The underlying justifications for a warrant-less search of an arrestee’s person and the area within his immediate control are twofold: (1) to remove weapons the arrestee may use to resist an arrest or effect an escape, (2) to prevent concealment or destruction of evidence linking the arrestee with the crime. Neither situation obtained here. The defendant lived alone, the plants were well established in the garden, and there was no danger of their destruction, let alone their concealment. Furthermore, they were not within his immediate control where he was arrested. Both Anderson and Shupe admitted that they were not worried about the destruction of the plants and that they could have secured the premises and kept them under surveillance until a search warrant could have been obtained.
*181 As an alternate exception to the need for a warrant, the State contends that the evidence was in plain view when defendant was arrested, and that the evidence thus seized was not within the pale of constitutional protection.

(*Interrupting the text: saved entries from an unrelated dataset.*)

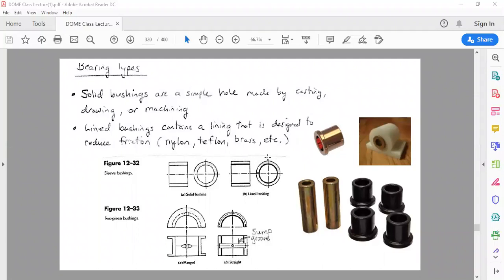Usually bushings are made out of plastic materials such as nylon, Teflon, and sometimes out of metal such as brass. Most of these materials exhibit a very low coefficient of friction, meaning that the surfaces of the shaft inside the bushing or the housing on the outside can have very low friction comparable to a traditional ball bearing.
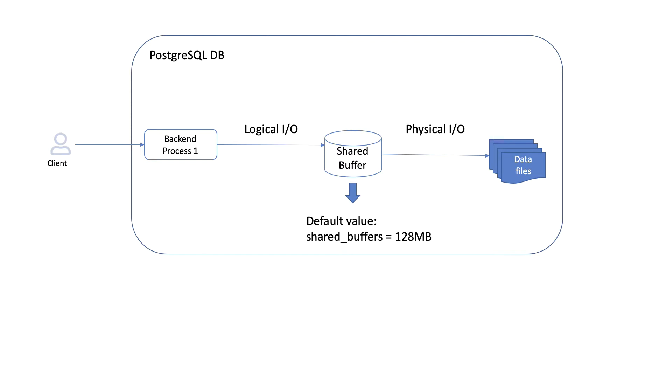When we talk about PostgreSQL architecture, we saw that when we start a PostgreSQL server, it allocates a fixed size block of shared memory. All access to the information in the database will pass through this shared memory.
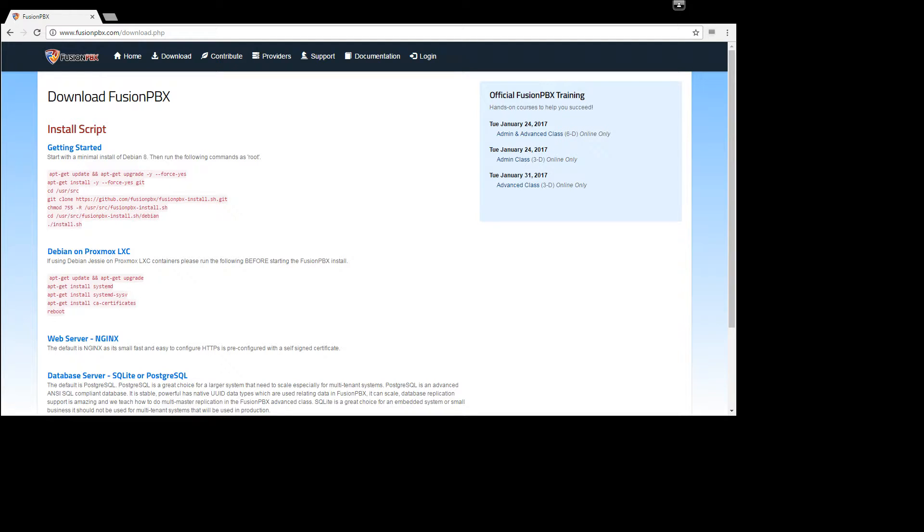Welcome to the official YouTube channel of Fusion PBX. My name is Len and today we're going to cover how to install Fusion PBX with the new install script.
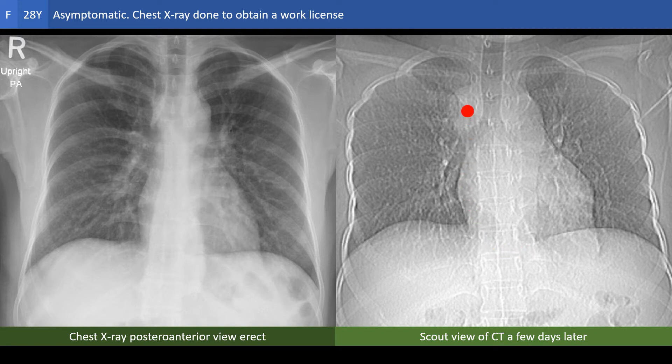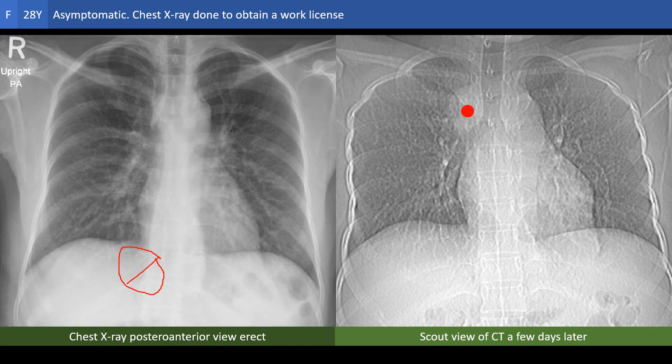The most simplistic explanation is that the opacity has moved from down to up. This sounds funny but it is true. It is a case of inferior vena cava obstruction.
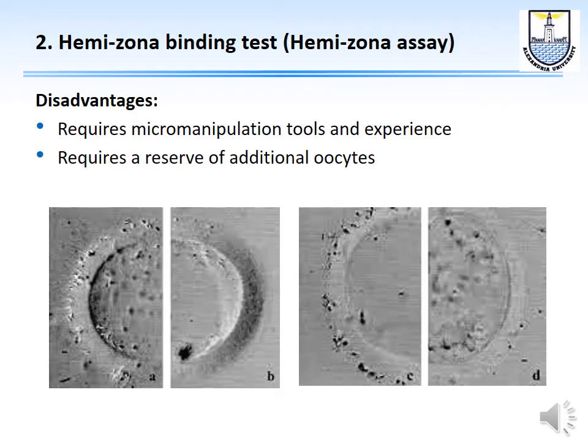The hemizona binding test assesses sperm capacity to bind to the zona pellucida. Oocytes — usually from IVF programs — are split in half: one half receives the patient's sperm, the other a fertile donor control. If the control shows binding but the patient's sperm does not, the result is abnormal.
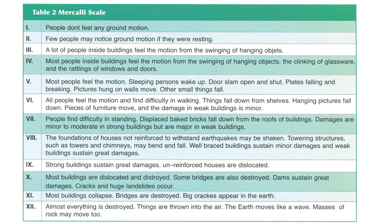Level 11: most buildings collapse and bridges are destroyed. Big cracks appear in the earth — that means cross layers or little tear layers. Level 12, the last and highest level: almost everything is destroyed, things are thrown into the air, the earth moves like a wave, and masses of rocks may move too.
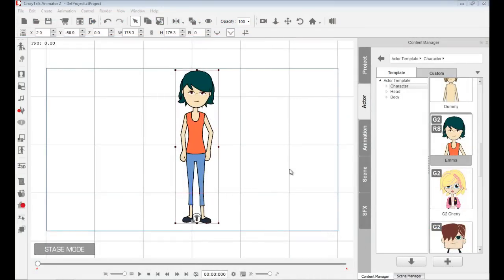Hi, and welcome back to this CrazyTalk Animator 2 video tutorial on how to use the character composer system.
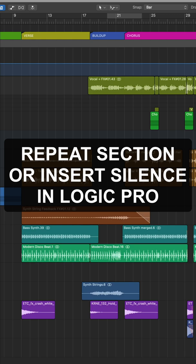Hey everyone, this is Music Tech Help Guy, and I'm going to show you how to repeat or insert new sections in Logic Pro.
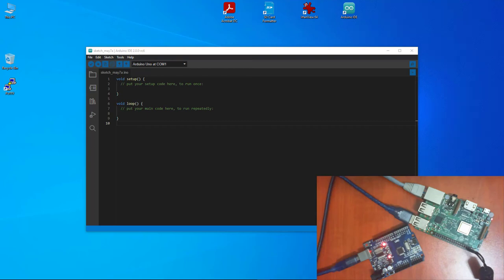Hey guys, welcome to SimTech channel. In this tutorial, I'd like to demonstrate how to use an Arduino together with your Raspberry Pi and show a quick serial communication between the two using the Python language.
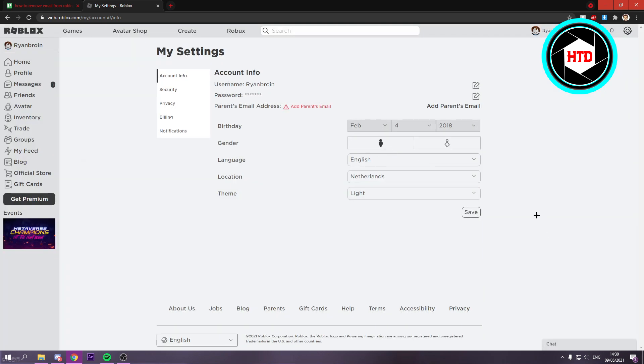And yeah that is it. So the problem is that your account is now under 13. But yeah that is it. So this is how you can remove your email address from your account.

That argument is without merit when we judge it against the undisputed testimony of Anderson on cross-examination:
Q. Now on your direct examination you testified that you went down the driveway to talk to Mr. Harris about the report; is that correct?
A. Yes.
Q. Isn’t it also true that you went on the property and down there to search for and look for marijuana?
A. Yes.
Q. So, you went for two reasons; one, to talk to him and to search; is that right?
A. Yes.
Q. One of those reasons being to get close enough to try to identify something?
A. Correct.
Q. Now, Mr. Harris never gave you any permission to search did he?
A. No.
To accede to the State’s construction of the plain view doctrine would be tantamount to ignoring the maxim that plain view never occurs until a lawful search (usually under warrant) is in progress, and may not be used by government officials to bootstrap themselves into an exploratory search until they find what they are looking for. “Any evidence will be in plain view, at least at the moment of seizure.”
Coolidge,
supra,
In sum, we reject the State’s theory on seizure of evidence based on the “open field” doctrine, as the officers were not where they had a legal right to be when they first identified the marijuana. Likewise, we decline the “plain view” doctrine, because the evidence was not discovered incident to a prior justified intrusion but was instead the result of an uninvited entry by which the police officers achieved “plain view.” The State’s theory on search and seizure incident to lawful arrest fares no better. According to testimony of the officers no exigent circumstances, as set out in Chimel, supra, existed. To paraphrase the Chimel court, the presence of a search warrant serves a high function and we shall not dispense with it as a mere formality.
Inasmuch as the initial search and seizure was illegal, all subsequent contraband was “come at by the exploitation of that illegality” and may not be used against the defendant.
Wong Sun v. United States,
The defendant’s conviction is reversed.